From a64d407d64de1ba168523df5391863b1f85c0824 Mon Sep 17 00:00:00 2001
From: drbh <david.richard.holtz@gmail.com>
Date: Tue, 6 Aug 2024 13:33:22 -0400
Subject: [PATCH] fix: default num_ln_in_parallel_attn to one if not supplied
 (#2364)

---
 .../models/custom_modeling/flash_rw_modeling.py               | 4 +++-
 1 file changed, 3 insertions(+), 1 deletion(-)

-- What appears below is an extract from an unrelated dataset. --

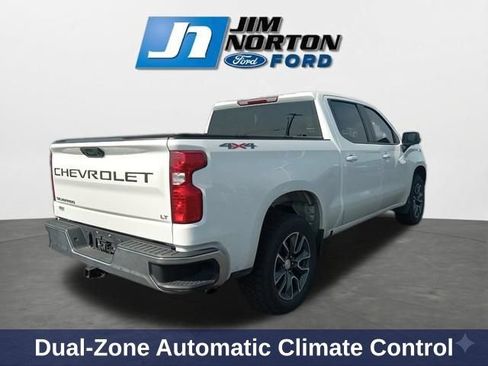Used 2022 Chevrolet Silverado 1500 LT AWD/4WD image 11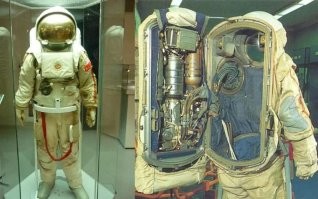 Всего существует 3 класса скафандров:
  спасательные скафандры   служат для защиты космонавтов в случае разгерметизации кабины или при значительных отклонениях параметров ее газовой среды от нормы;
  скафандры для работы в открытом космосе на поверхности космического корабля или вблизи его;
  скафандры для работы на поверхности небесных тел.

diff --git a/server/text_generation_server/models/custom_modeling/flash_rw_modeling.py b/server/text_generation_server/models/custom_modeling/flash_rw_modeling.py
index 708641e7..0691da9b 100644
--- a/server/text_generation_server/models/custom_modeling/flash_rw_modeling.py
+++ b/server/text_generation_server/models/custom_modeling/flash_rw_modeling.py
@@ -473,7 +473,9 @@ class FlashRWLayer(nn.Module):
 class FlashRWLayerNorm(nn.Module):
     def __init__(self, config, prefix: str, weights):
         super().__init__()
-        self.num_ln = config.num_ln_in_parallel_attn
+        # Falcon2 includes the number of layer norms in the config
+        # in the case no number of layer norms is provided, we default to 1
+        self.num_ln = getattr(config, "num_ln_in_parallel_attn", 1)
 
         if self.num_ln == 1:
             self.input_ln = FastLayerNorm.load(